Landmark Books in All Fields
ItemID: #121407
Cost: $4,500.00

Monograph on the Fossil Lepadidae. BOUND WITH: A Monograph on the Fossil Balanidae and Verrucidae

Charles Darwin

"INCULCATED IN HIM A FIRM BELIEF THAT HE COULD HIMSELF FIND THE EVIDENCE IN NATURE NECESSARY TO SUPPORT HIS THEORIES": SCARCE FIRST APPEARANCES OF DARWIN’S EARLY FOSSIL STUDIES

DARWIN, Charles. A Monograph on the Fossil Lepadidae. BOUND WITH: A Monograph on the Fossil Balanidae and Verrucidae. London: Palaeontographical Society, 1851; 1854. Two works in one. Quarto, period-style three-quarter straight grain green morocco gilt, raised bands, marbled boards; pp. 88, ll. [10]; pp. 44, 2, ll. [4]. $4500.

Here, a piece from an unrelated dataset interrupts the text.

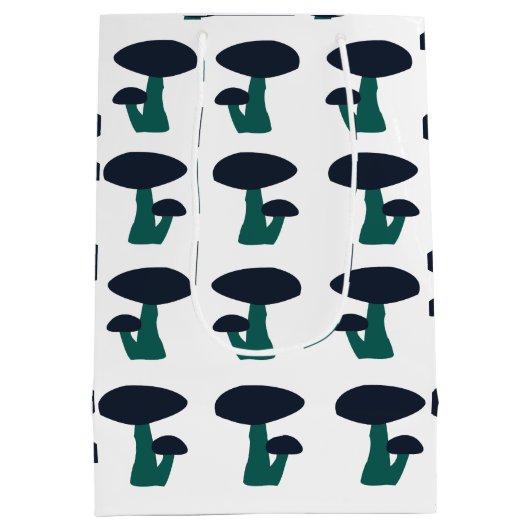 Cute Mushroom Patroon Medium Cadeauzakje (Achterkant)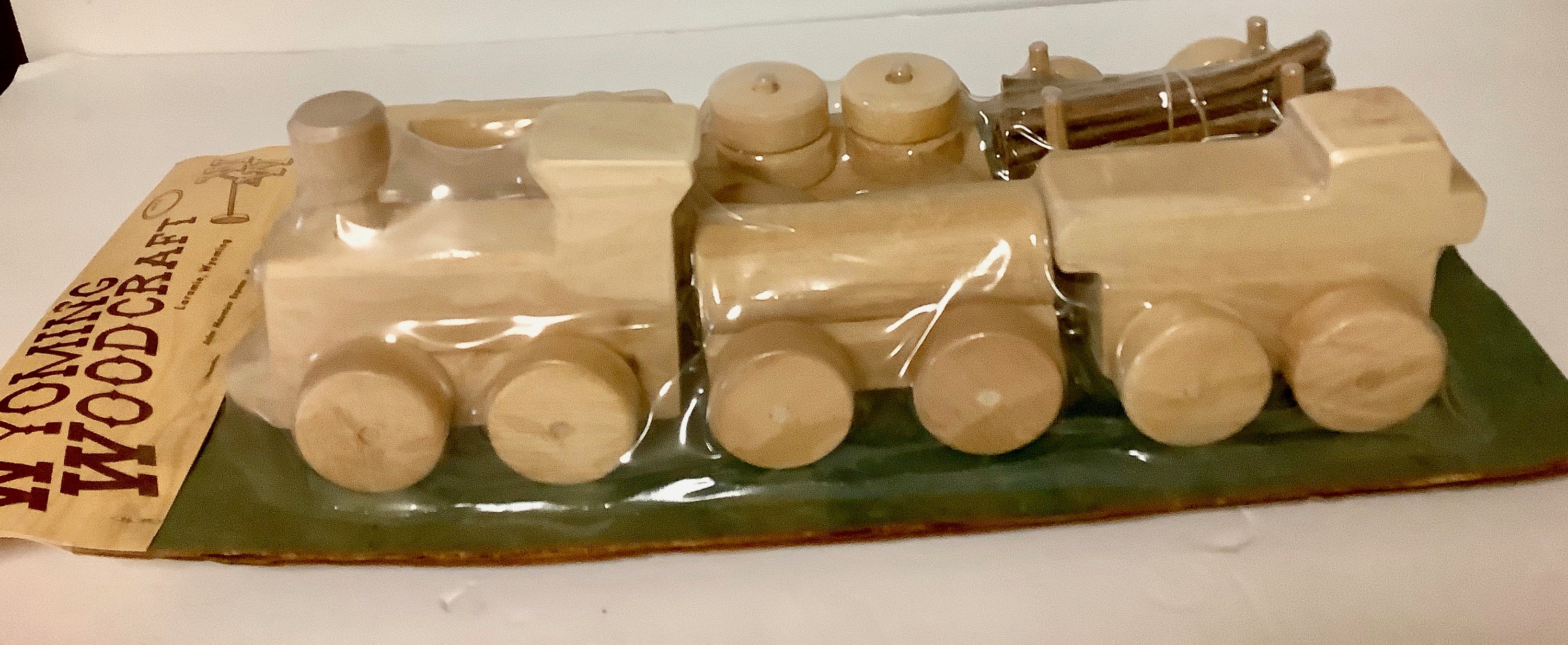 Wyoming Woodcraft Unfinished Wood Train Set 6 Piece Pull Etsy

First editions of these two “minute investigative researches” on barnacles, with seven engraved plates of fossil forms by James de Carle Sowerby, accompanied by keys to the images on interleaved pages, beautifully bound.

Darwin's assistance to John Morris on his Catalogue of British Fossils (1854) provided him with valuable experience and kindled his interest in formal taxonomy. Subtitled "Pedunculated Cirripedes of Great Britain," Darwin's first works on fossil remains "are still held in high regard" (Freeman, 66). "Before turning to his species work, Darwin somewhat ruefully recorded in his Journal that he had spent nearly eight years classifying barnacles and many years later, in his autobiography, he wondered whether he had been right in spending so much time on the group. He was surely thinking of the years 1851-53: the exciting discoveries had already been made and, with the notable exception of Alcippe, the novel cirripedes already described. The intricacies of systematics had begun to weary him. The process of writing his volumes took longer than he had expected, and the publication of the monographs by natural history societies, though welcomed by Darwin, did not run smoothly. Nevertheless, his efforts were rewarded with the first public recognition of his scientific achievements when, in 1853, he was awarded a Royal Medal by the Royal Society of London for his contributions to geology and natural history, and in particular his Cirripedia work… His barnacle work had undoubtedly shown him the value of minute investigative researches and inculcated in him a firm belief that he could himself find the evidence in nature necessary to support his theories" (Cambridge University). Freeman 342. Norman 590.

Only a few minor spots of foxing. Finely bound.